Extracts the degree 1 coefficients from the given TN-13 file.

Ensure the TN-13 file used is the one recommended by respective data centres (JPL, CSR, or ITSG). Similar to extract_SH_data, but specifically for TN-13 files. Returns degree 1 replacement coefficients as a dictionary. Uses the degree and order of a coefficient as the key and the coefficient values as the value.

Parameters:

Name	Type	Description	Default
`file_path`	`str`	Absolute path to the file.	required

Returns:

Type	Description
`dict`	Dictionary containing the degree 1 (order 1) coefficients and time coverage start and end dates.

Source code in pyshbundle/io.py

def extract_deg1_coeff_tn13(file_path):
    """
    Extracts the degree 1 coefficients from the given TN-13 file.

    Ensure the TN-13 file used is the one recommended by respective data centres (JPL, CSR, or ITSG).
    Similar to extract_SH_data, but specifically for TN-13 files.
    Returns degree 1 replacement coefficients as a dictionary.
    Uses the degree and order of a coefficient as the key and the coefficient values as the value.

    Args:
        file_path (str): Absolute path to the file.

    Returns:
        (dict): Dictionary containing the degree 1 (order 1) coefficients and time coverage start and end dates.
    """

    data_dict = {}

    with open(file_path, 'rt') as file:
        lines = file.readlines()
        for line in lines:

            # Extract data using regex
            pattern = re.compile(r'^GRCOF2\s+(\d+)\s+(\d+)\s+([-+]?\d*\.\d+e[-+]?\d+)\s+([-+]?\d*\.\d+e[-+]?\d+)\s+([-+]?\d*\.\d+e[-+]?\d+)\s+([-+]?\d*\.\d+e[-+]?\d+)\s+(\d+\.\d+)\s+(\d+\.\d+)')
            match = pattern.match(line)

            if match:
                degree = int(match.group(1))
                order = int(match.group(2))
                Clm = float(match.group(3))
                Slm = float(match.group(4))
                Clm_sdev = np.double(match.group(5))
                Slm_sdev = np.double(match.group(6))
                epoch_begin = match.group(7)
                epoch_end = match.group(8)

                # Use epoch start as key but in yyyy-mm-dd format
                epoch_key=datetime.strptime(epoch_begin, '%Y%m%d.%H%M%S').strftime('%Y-%m')
                data_dict[epoch_key, degree, order] = {
                    'degree': degree,
                    'order': order,
                    'Clm': Clm,
                    'Slm': Slm,
                    'Clm_sdev': Clm_sdev,
                    'Slm_sdev': Slm_sdev,
                    'epoch_begin': epoch_begin,
                    'epoch_end': epoch_end,
                }
    # Print a sample of the data to check if it's parsed correctly
    # for key in sorted(data_dict.keys())[:5]:  # print first 5 entries
    #     print(f"{key}: {data_dict[key]}")
    return data_dict

`extract_deg2_3_coeff_tn14(file_path)` ¶

Extracts the degree 2 and 3 coefficients from the given file.

Ensure the TN-14 file used is the one recommended by respective data centres (JPL, CSR, or ITSG).
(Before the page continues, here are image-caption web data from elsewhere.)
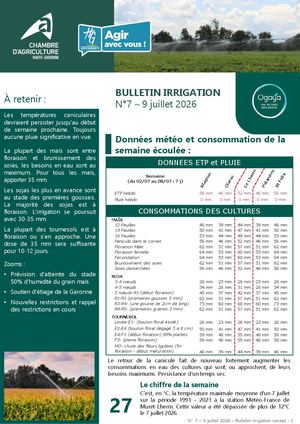 Bulletin Irrigation Eté 2026 n°7
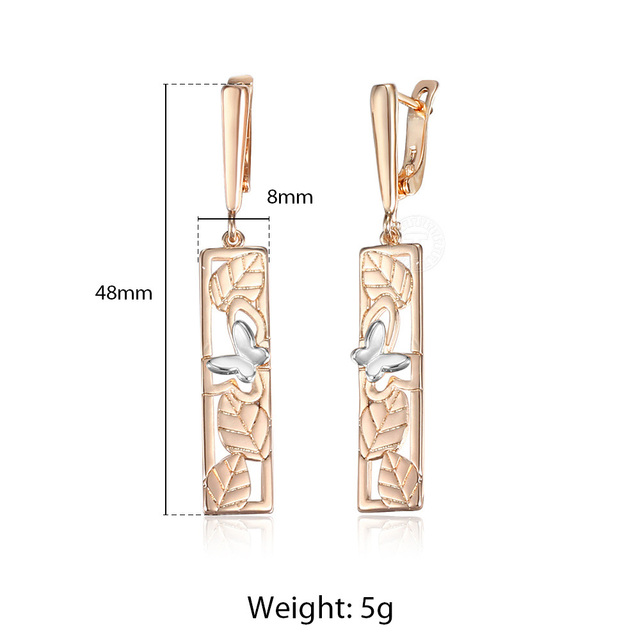 Butterfly Pink CZ Womens Lady Earrings Rose Gold Filled Snap Closure Oval Cubic Zirconia GE67A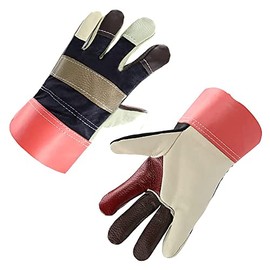 Heavy Duty Heat Resistant and Anti-skid Welding & BBQ Gloves, Tig Welder and Mig Mitts, 26.5cmx13.5cm, 1 Pair (Cowhide & Canvas)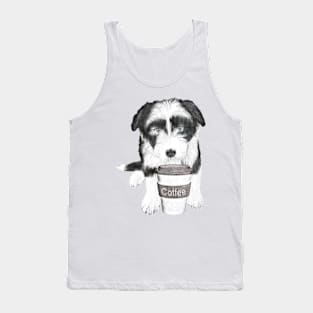 Bearded Collie With Coffee Cup Tank Top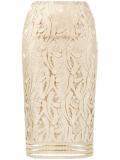 metallic pencil skirt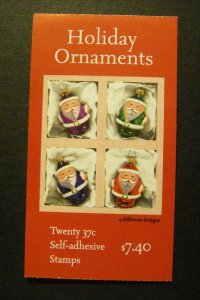 BK298, Scott 3890b, c, d, 37c Ornaments, complete booklet of 20, MNH Beauty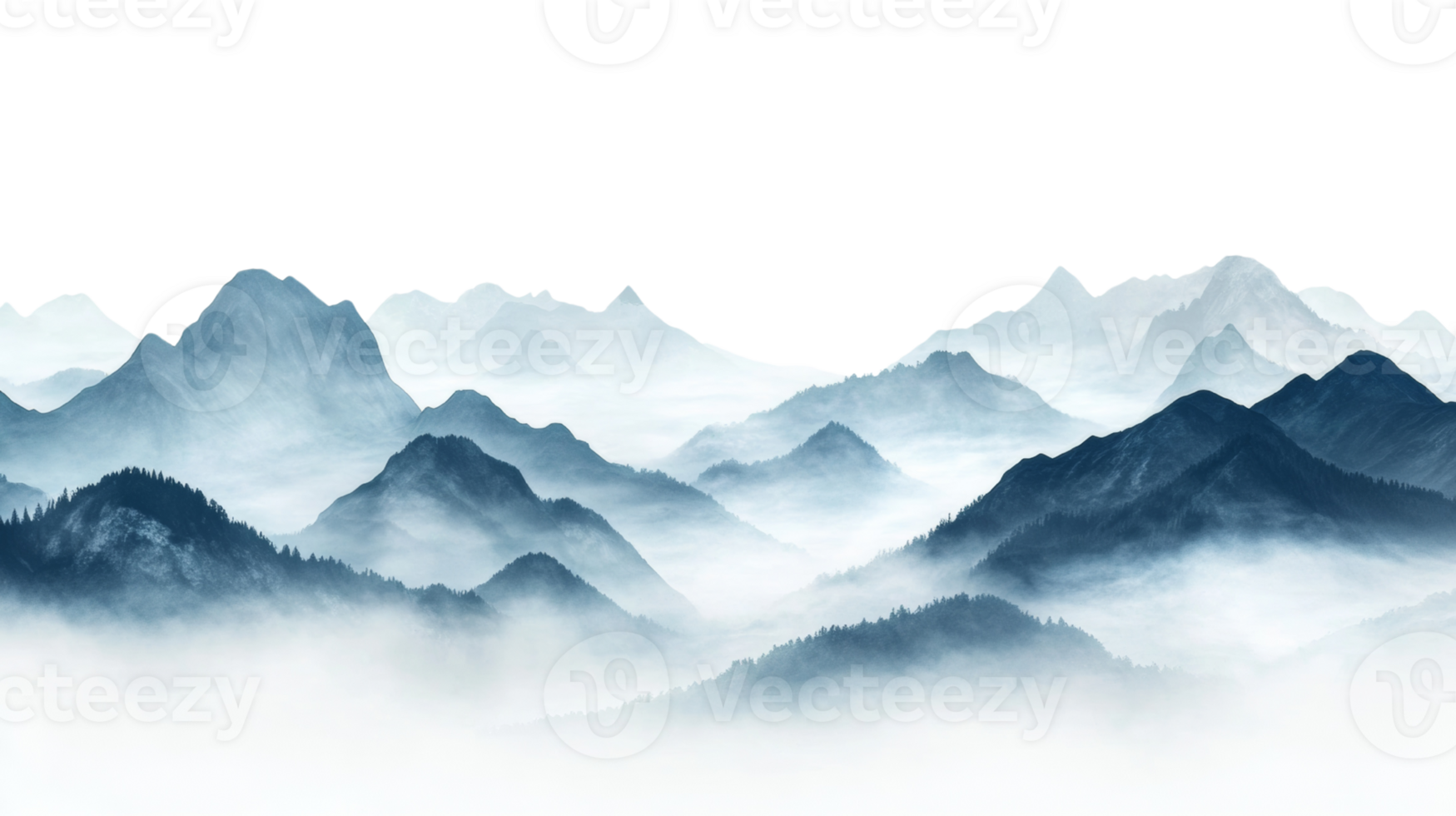 Misty Mountains Enveloped in Serene Cloudscape png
Similar to extract_SH_data, but specifically for TN-14 files. Returns degree 2, 3 replacement coefficients as a dictionary. Uses the degree and order of a coefficient as the key and the coefficient values as the value.

Parameters:

Name	Type	Description	Default
`file_path`	`str`	Absolute path to the file.	required

Returns:

Type	Description
`dict`	Dictionary containing the degree 2, 3 (order 0) coefficients and time coverage start and end dates.

Source code in pyshbundle/io.py

def extract_deg2_3_coeff_tn14(file_path):
    """
    Extracts the degree 2 and 3 coefficients from the given file.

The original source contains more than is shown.